Single by Lucio Battisti

from the album Emozioni
- B-side: "Anna"
- Released: 15 October 1970
- Genre: Pop;
- Label: Dischi Ricordi
- Songwriter(s): Lucio Battisti, Mogol

Lucio Battisti singles chronology
| "Fiori rosa fiori di pesco" (1970) | "Emozioni" (1970) | "Pensieri e parole" (1971) |

Audio
- "Emozioni" on YouTube

= Emozioni (song) =

"Emozioni" (lit. 'Emotions') is a 1970 song composed by Lucio Battisti (music) and Mogol (lyrics), arranged by Gian Piero Reverberi and performed by Lucio Battisti.

== Composition ==
The song's composition was inspired by a long and much-publicized Battisti's and Mogol's horseback riding trip from Milan to Rome.

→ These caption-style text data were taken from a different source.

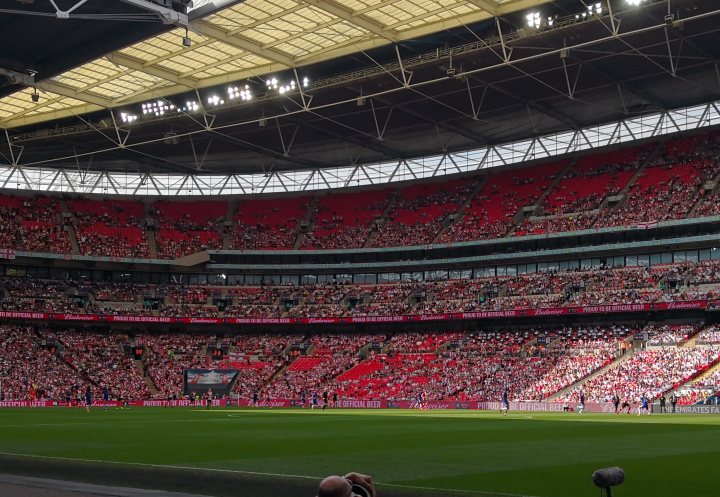 The Official Chelsea Thread [Vol 3] - Page 89 - Football - PistonHeads - The image showcases a bustling soccer arena filled with spectators. The stands are predominantly red and white, indicating fan support for opposite teams. One end of the arena has a scoreboard displaying a score for one team, although the specific game details are not visible. The atmosphere suggests excitement, with numerous fans in the stands. The overall scene is a vibrant display of a live sports event.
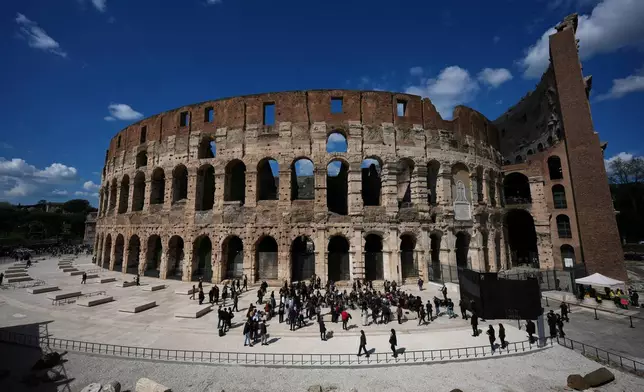 People walk in the new outdoor space created with travertine marble around the Colosseum during it's inauguration in Rome, Tuesday, March 17, 2026. (AP Photo/Andrew Medichini)
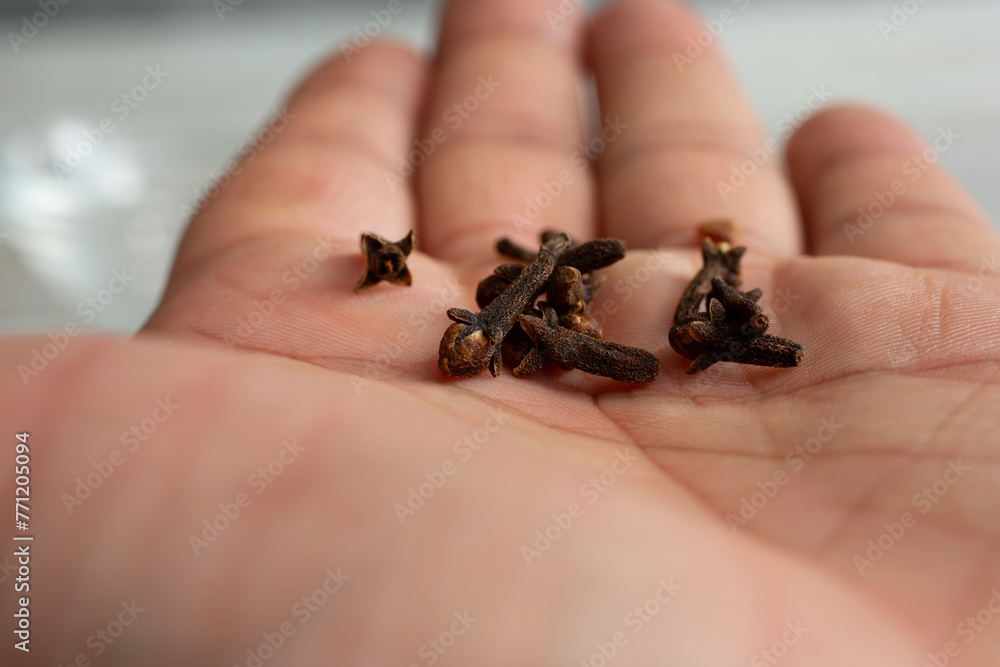 A closeup view of several cloves in the palm of a hand.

According to Battisti, it 'expressed the sense of discovery, of wonder, of freedom that Mogol and I found venturing through meadows, hills, and rivers, as if we were seeing nature for the first time.'

== Release ==
Originally it was the B-side of "Anna", with Battisti eventually deciding to swap the two songs.

== Cover versions ==
Artists who covered the song include Gianni Morandi, Mina, Patty Pravo, Marcella Bella, Fred Bongusto, Formula 3, Maurizio Vandelli.

==Track listing==

| No. | Title | Length |
|---|---|---|
| 1. | "Emozioni" | 4:47 |
| 2. | "Anna" | 4:37 |

==Charts==

Chart performance for "Emozioni"
| Chart (1970) | Peak position |
|---|---|
| Italy (Musica e dischi) | 13 |

Chart performance for "Anna"
| Chart (1970–1971) | Peak position |
|---|---|
| Italy (Discografia internazionale) | 1 |
| Italy (Musica e dischi) | 1 |

==Certifications==

| Region | Certification | Certified units/sales |
| Italy (FIMI) sales from 2009 | 2× Platinum | 200,000^{‡} |
^{‡} Sales+streaming figures based on certification alone.